Keraguan dan pertanyaan-pertanyaan tentang eksistensi dirinya adalah langkah awal untuk meraih keyakian. Akan halnya dengan keraguan adalah tempat pemberhentian sementara yang baik, dan tempat tinggal yang paling buruk, maka tidak ada yang perlu kita sayangkan dan justru perlu didukung. Islam sebagai agama yang paling gencar mengajak umat manusia untuk berpikir dan merenung, maka secara tidak langsung ia juga menjelaskan bahwa pada tahap awalnya manusia dalam keadaan tidak tahu atau ragu. Seorang bijak berkata: "Cukup menjadi manfaat dari kata-kata kami jika telah membuat kalian bertanya dan mencari hingga pada akhirnya kalian meyakini".
Sejarah mencatat pembahasan teologi Islam bermula pada setengah abad pertama Hijriah. Salah satu diantara pembahasannya yang paling tua adalah pembahasan tentang jabr (determinis) dan ikhtiar (non-determinis). Pada tahap awal masalah jabr dan ikhtiar adalah masalah manusiawi, dan pada tahap berikutnya merupakan masalah ketuhanan dan alam. Adapun merupakan masalah manusiawi, karena materi pembahasan kita adalah manusia, apakah manusia bebas berkehendak atau tidak? Dari sisi lain merupakan masalah ketuhanan dan alam, karena apakah ketentuan, kehendak, keinginan, qadha dan qadhar Tuhan, serta hukum kausalitas alam, memberikan kebebasan manusia berkehendak atau tidak? Karena masalah ini adalah masalah manusiawi, dan bagaimanapun juga masalah manusiawi sangat berhubungan erat dengan nasib manusia itu sendiri, maka sangat kecil kemungkinannya jika ada orang yang tidak pernah mempertanyakan masalah ini.

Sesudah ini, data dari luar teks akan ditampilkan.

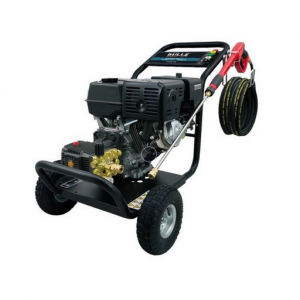 Bulle 605206  Gasoline Pressure Washer 250 bar 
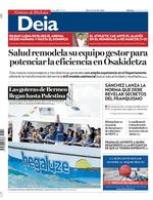 Deia - 23 de julio de 2025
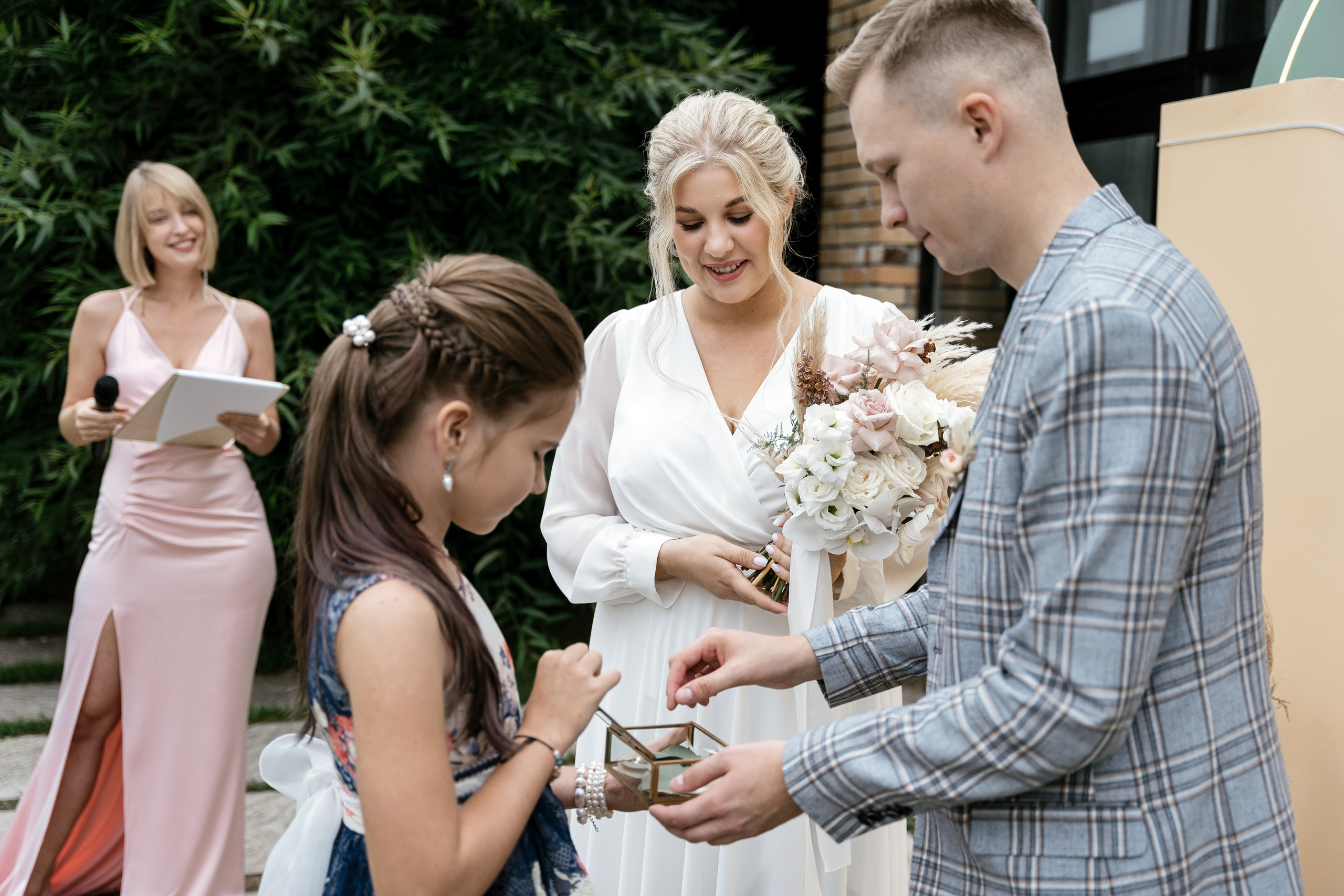 23.08.2021 Wedding day. Фотограф Томск, Новосибирск Влад Свириденко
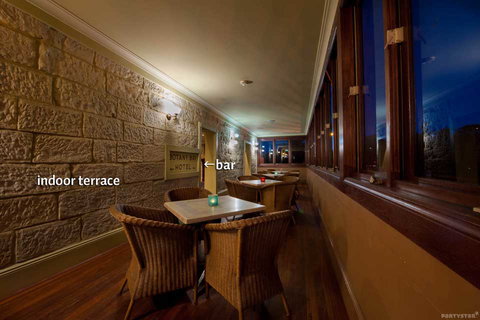 Botany Bay Hotel - Mackay Tourism 2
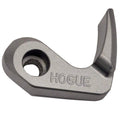 Hogue S&W Revolver Extended Cylinder Release, Short, Stainless Steel - 00684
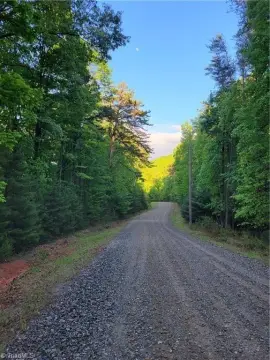 Residential Lot in McGrady, NC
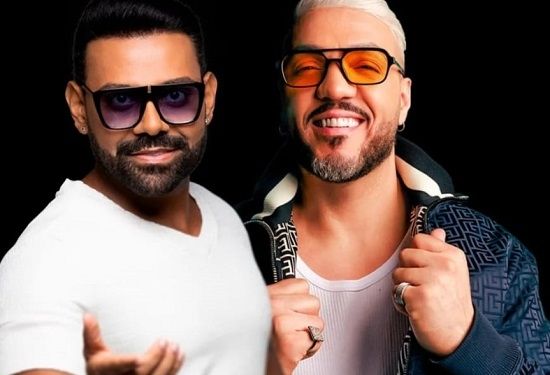 Belo e Pablo fazem show em Aracaju neste domingo, 13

Jabr (determinism) dan Ikhtiar (non-determinism)
Ketika jabr dan ikhtiar dikemukakan, dengan sendirinya kita juga akan mengetengahkan masalah keadilan. Karena hanya ketika seseorang memiliki ihktiar, kewajiban, pahala dan dosa akan bermakna. Sebaliknya ketika manusia tidak bebas berkehandak dan berikhtiar dihadapan kehendak Tuhan swt atau Alam, maka istilah kewajiban, hak-hak, pahala dan dosa atau bahkan sesuatu yang bersifat lebih umum seperti etika pun tidak lagi mempengaruhi aksi dan tindakan manusia.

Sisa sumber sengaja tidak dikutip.